2009/12/26

Brief comments on: Everything and More (2003) by David Foster Wallace

I don’t really intend to go on for too long about Everything & More, D.F.W.’s book about the history and philosophy behind infinity and maths. Suffice it to say that you’ll either like it or not depending primarily on two factors:

  • Like: If you are a D.F.W. fan (which counts me in)
  • Dislike: If you know a lot about the subject matter (i.e., you’re a set theorist–mathematician yourself, which counts me out)

This is assuming, also, that you’re the type of person who likes to read either unique works of literature and/or popular science–type things. Without a fairly good working knowledge of maths, be prepared to work hard to follow along with a good proportion of the book that’s dealing with technical content; it’s not impossible, however: the friend who lent the book to me managed to get through without much background knowledge.

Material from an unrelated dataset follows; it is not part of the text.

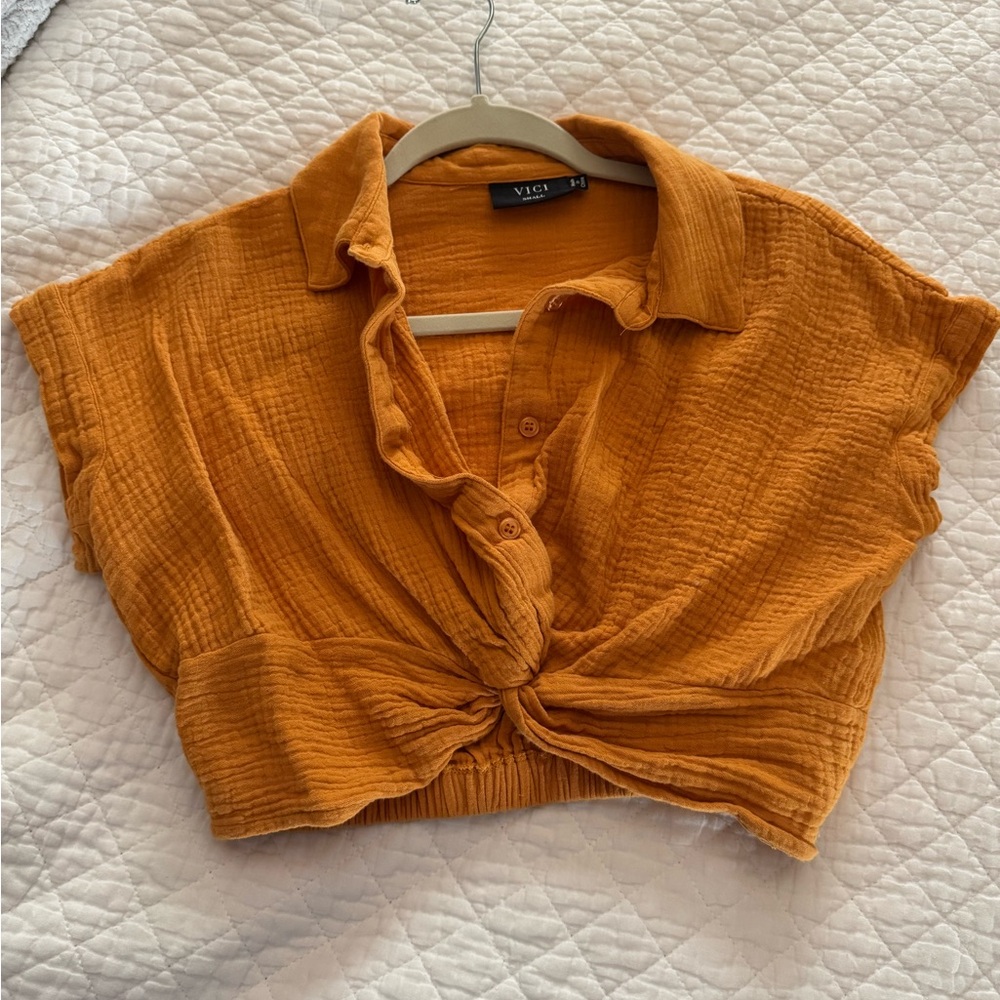Vici Orange Cap Sleeve Tie Front Top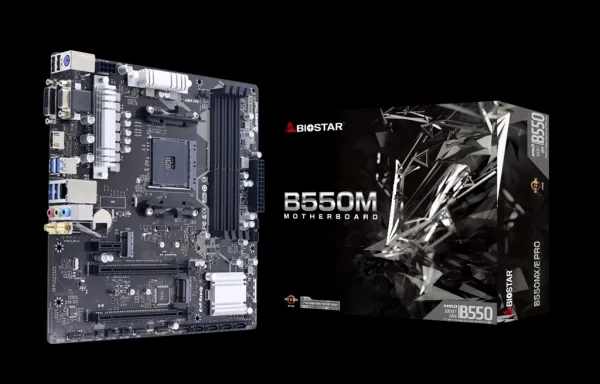MB AM4 Biostar B550MX/E PRO 4xDDR4/2xM.2/HDMI/VGA/DVI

Apparently there are a certain number of technical inaccuracies, or elements of the story that are simply wrong. I’m not one to judge these; (the only error I ever saw was a basic oversight-style typing mistake in a big list of examples of the application of differential equations (or something like that) in which was written F = m dx/dt) but it’s easy to find numerous critiques of the book in which the technical content is rather heavily denounced. However: It doesn’t matter. First of all, in some cases I’m sure D.F.W. was aware of some of the technical problems his popular descriptions required. He admits as much quite early on. But secondly, this is not a book to learn set theory in a mathematical sense. Just as you read Gödel, Escher, Bach to get a taste of some rather meaty mathematics in the context of a much broader philosophical discussion, Everything & More does a truly excellent job elucidating how all the things we learnt in school & university about abstract ideas such as irrational numbers and limits tending to infinity really were huge mathematical/philosophical problems back in the day and we should do better than take them for granted.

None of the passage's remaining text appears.